It is dangerous for a private insured patient to assume his/her insurance covers everything.
Very often it does not and this impacts on the consultant surgeon.
Private medical insurance may be said to be designed for short-term injuries or illness i.e. an injury that suddenly happens and in most cases treated / cured relatively quickly. For example: a broken hand can be treated relatively quickly whereas a diabetic problem may not.
Consider it this way. Private medical insurance is in place to cover elective non-urgent operations such as knee replacement. A heart attack will be treated at a NHS level. In any event if the condition was known before the policy was taken out, it will not be covered. Further, it does NOT follow however that if the injury is short term and treatable under private medical insurance cover, all parts of the treatment will be covered.

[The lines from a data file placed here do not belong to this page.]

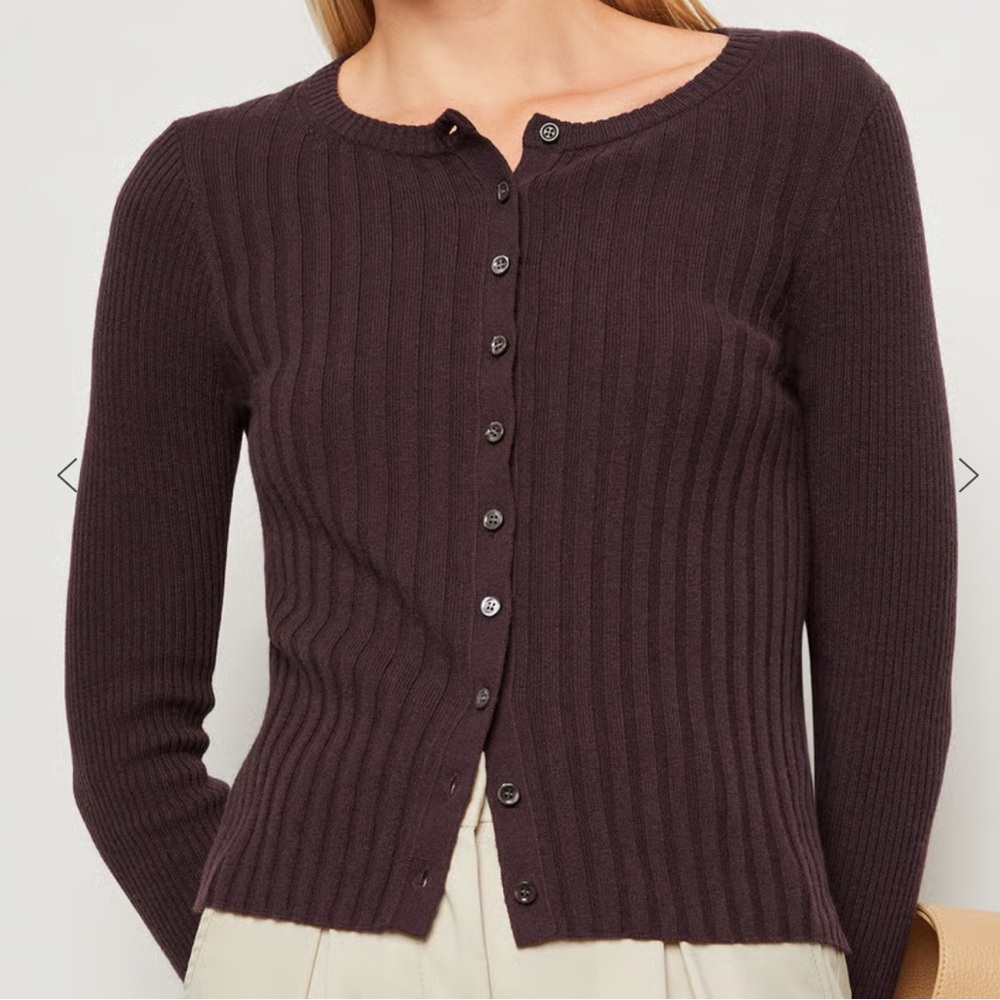 Alex Mill Brown Ribbed Cardigan Sweater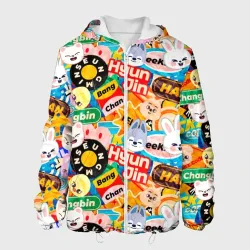 Мужская куртка 3D Skzoo stickers characters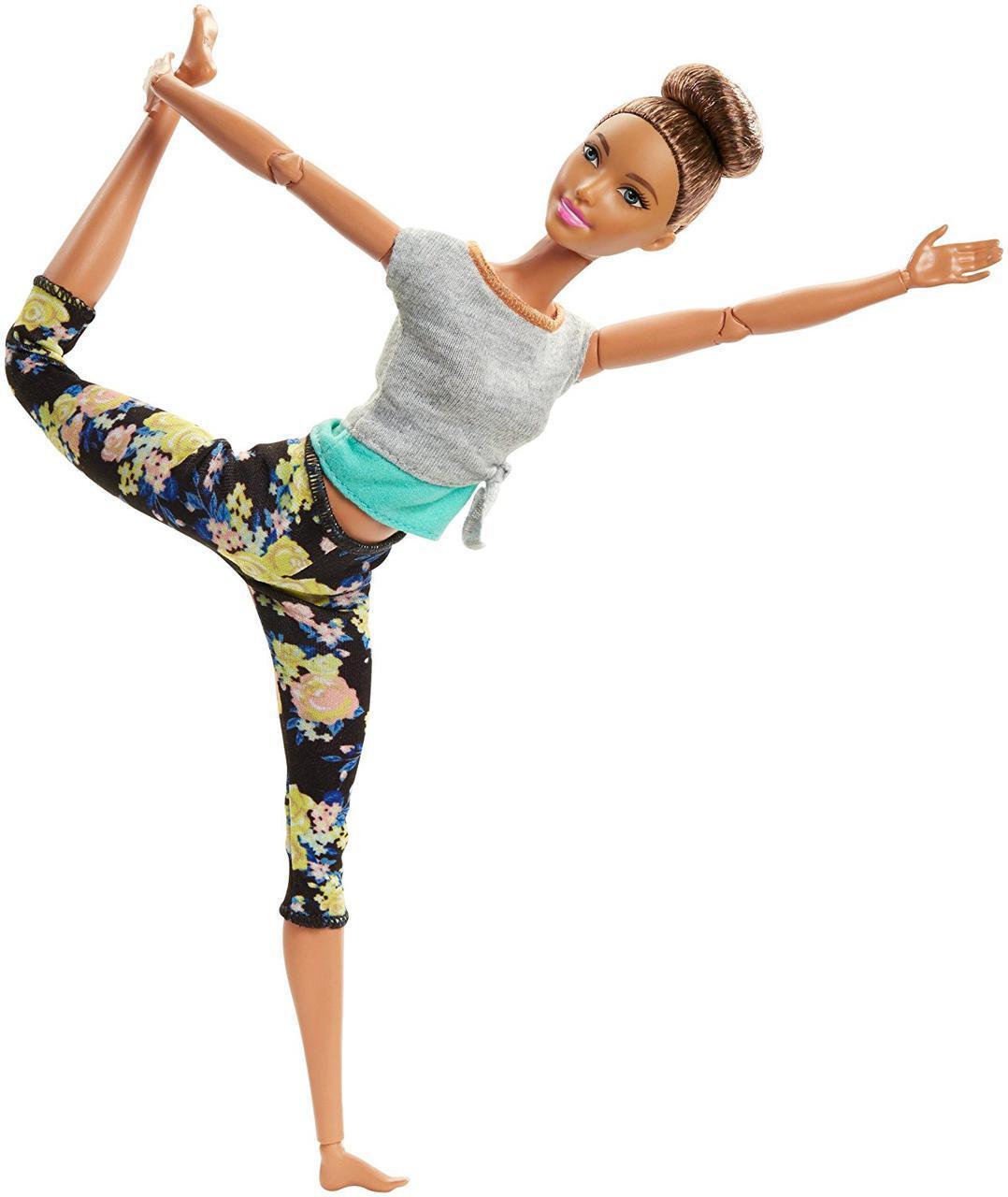 Кукла БАРБИ Barbie Безграничные движения Йога Шатенка FTG82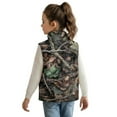 thumbnail image 2 of Garronmavis Hunting Forests Zippered Vest Versatile Girl Vests Size 4T Stylish Lightweight Sleeveless Jackets Outerwear with Pockets Comfortable Warm Sleeveless Jacket for Spring Fall, 2 of 7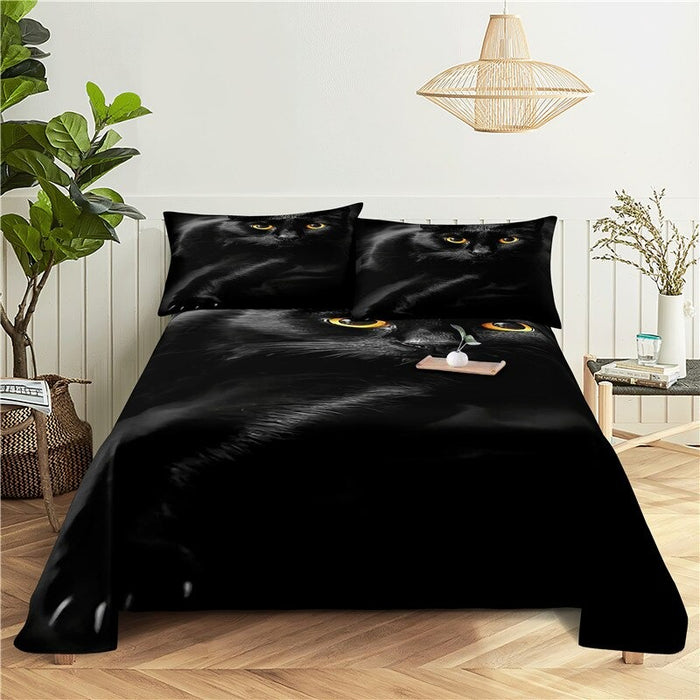 Cats Printed Bedding Set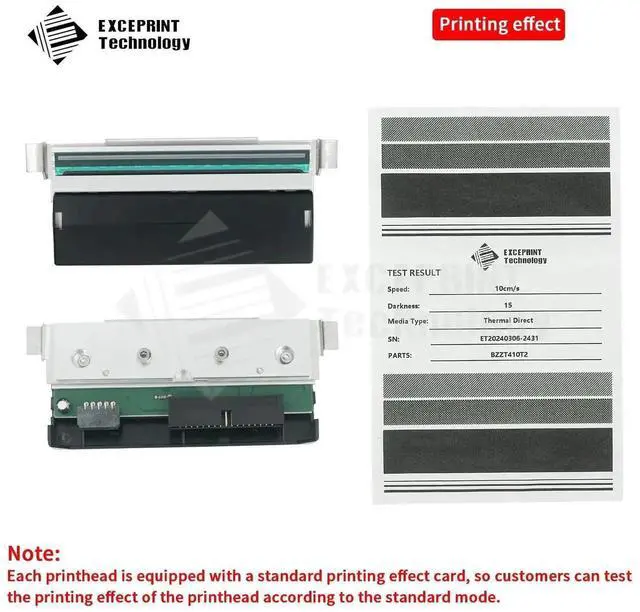 Main image of Brand New 203dpi Thermal Print Head for Ze bra ZT410 ZT411 Thermal Bar code Label Printer,P1058930-009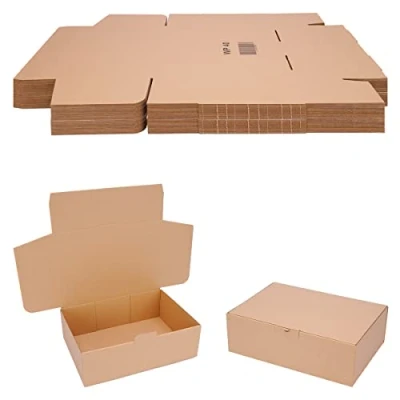 Afbeelding van verpacking 50 verzenddozen 310 x 215 100 mm kleine dozen voor verzending vouwdozen maten en hoeveelheid naar keuze karton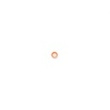 [K019R-43224] [K019R] Button With White Border (Orange)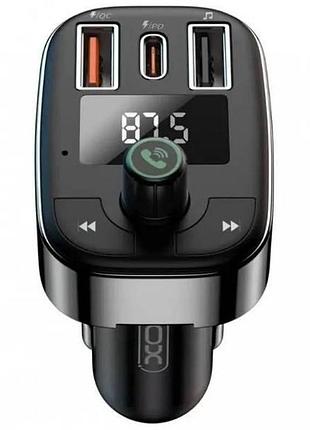 Fm-модулятор+зарядное устройство xo bcc06 smart bluetooth mp3+tf черное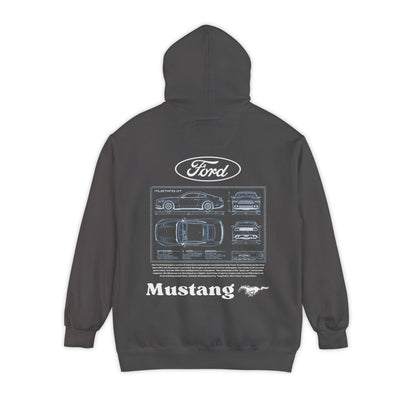 Ford Mustang Vintage Garment-Dyed Hooded Sweatshirt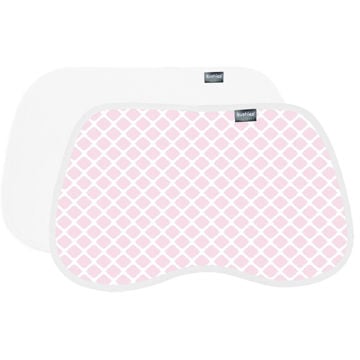 Picture of Burp Pads Flannel 2-Pack - Lattice Pink / White | by Kushies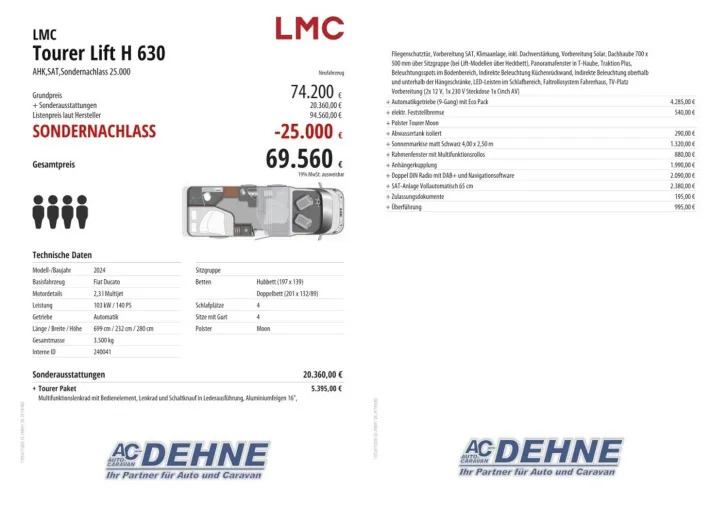 Fahrzeugbild LMC Tourer Lift H 630 AHK,SAT,Sondernachlass 25.000 #3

Further, the question of what is and what is not covered will depend on the type of policy held by the patient.
And basically, the higher the costs of the cover, the more items are covered regardless of a financial limit. The lower or budget type cover may set a financial limit on how much can be paid out under the policy or, for example, may exclude consultation fees.
Why is this relevant to the consultant surgeon?
For one thing a budget type policy could easily lead to shortfalls, excess or the non-payment of consultation fees. This, in turn, in order to avoid financial loss on his part, will lead to a requirement for the consultant to have such amounts collected from and paid by the patient.